Photo by Chase Elliot
Photo by Chase Elliot Clark

In Ben Valentine’s review on Hyperallergic of the Berkley version of Barry McGee, Valentine completely missed the mark and misunderstood McGee’s work and what was going on in the show. Valentine repeatedly refers to McGee as a “street artist” or his work as “street art”, a mistake that was made in some of the Boston press as well, perhaps because street artist is a more institutionally acceptable term than the much more accurate “graffiti artist” or “graffiti writer”. Valentine also claimed that there were sculptures all around the show of McGee tagging walls, and suggested that this might be some sort of mid-life crisis/street-cred proving move by McGee to show that he is still authentic. In fact, practically the opposite is true. Those sculptures actually depict McGee’s assistant Josh Lozcano and help to point out that McGee is older and that he is not longer as directly as involved in the culture he grew up in as he might like to be, whereas Lozcano is from a slightly younger generation and continued on as an active and accomplished writer long after McGee went into his current stage of semi-retirement.

Photo by Pat Falco
Photo by Pat Falco

Similarly, at the opening at the ICA I heard multiple people asking docents what the letters “THR,” “CBT,” or “DFW” stood for or meant (the letters appear throughout much of the work in the show). The docents were either unable to answer or radioed in to their superiors and then explained that the letters were acronyms for “The Human Race” and “Down For Whatever,” but the significance of the letters is much more important than the meaning. DFW, CBT, and THR are graffiti crews that McGee is affiliated with. McGee is repping his crews in his own way, now that he has the attention of museum-goes and does not have the freedom to go out writing graffiti as much as he once did. Of course volunteer docents cannot be expected to know everything about every exhibition, but if McGee’s show has meaning beyond “these are some cool drawings I did,” it has to do with graffiti’s relationship to the museum and the community spirit of graffiti versus the one-man genius model of the museum.

Photo by Pat Falco
Photo by Pat Falco

McGee is subversive to a point that he probably gets in his own way sometimes. He is clearly uncomfortable in galleries and museums, even though he has exhibited his work indoors for about two decades. This discomfort about and subversion of museum norms is the hidden theme of the show, which McGee successfully sneaks into the museum.

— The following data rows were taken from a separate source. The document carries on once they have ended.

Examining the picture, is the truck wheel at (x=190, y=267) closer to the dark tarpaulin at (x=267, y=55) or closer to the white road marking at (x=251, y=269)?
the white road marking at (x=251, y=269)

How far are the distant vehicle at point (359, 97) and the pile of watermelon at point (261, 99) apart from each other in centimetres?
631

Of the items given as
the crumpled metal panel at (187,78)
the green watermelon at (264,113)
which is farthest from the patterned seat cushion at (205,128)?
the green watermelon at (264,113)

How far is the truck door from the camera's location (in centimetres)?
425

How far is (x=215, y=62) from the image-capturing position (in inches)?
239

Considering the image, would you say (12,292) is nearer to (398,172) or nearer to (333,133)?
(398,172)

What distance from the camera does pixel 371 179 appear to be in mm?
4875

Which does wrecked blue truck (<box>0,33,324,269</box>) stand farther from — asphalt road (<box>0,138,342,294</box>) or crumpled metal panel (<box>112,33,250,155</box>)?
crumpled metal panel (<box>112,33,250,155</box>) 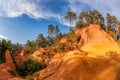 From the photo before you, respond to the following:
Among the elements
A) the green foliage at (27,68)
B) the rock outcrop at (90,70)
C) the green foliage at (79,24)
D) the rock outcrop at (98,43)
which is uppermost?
the green foliage at (79,24)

Paintings by Margaret Kilgallen inside a structure painted by McGee. Photo by Pat Falco
Paintings by Margaret Kilgallen inside a structure painted by Barry McGee. Photo by Pat Falco

The elements of Barry McGee that McGee himself made sure were included, and a few pieces that may have been added by curators but which it seems likely McGee had a good amount of say in including, point towards his attempts to subvert the museum and their model of a one-man retrospective even when it is about his own work. The show includes the work of at least a dozen other artists, and, in a video tour of the exhibition by curator Jenelle Porter, Porter points out that McGee’s video installation is made up of animations and video clips created and organized by McGee’s assistant Lozcano. Some of the other artists whose work can be found in the show include McGee’s late wife Margaret Kilgallen, his father Jon McGee, Craig “KR” Costello, more than half a dozen freight train moniker writers, and Rize (a prominent Boston-based graffiti writer in the early to mid 1990’s and the subject of a photograph which has appeared repeatedly in McGee’s work since the mid-1990’s). McGee even devoted an entire room of the exhibition to showing his work alongside the work his friends and legendary Boston graffiti writers who would otherwise not have had the opportunity to show inside the ICA. Lozcano’s chaotic tower videos and animations also include clips of other graffiti writers at work next to animations of McGee’s drawings, and at this point it becomes hard to say anymore exactly how many of McGee’s colleagues are represented in the show because there are dozens of video clips with fast cuts that all seem to melt together in the massive installation. Some would say that graffiti is about ego, and that can certainly be said of the upper-echelons of the art world, but McGee broke the stereotypes to subvert the museum and turn his supposed one-man retrospective into a celebration of many artists and mark-makers.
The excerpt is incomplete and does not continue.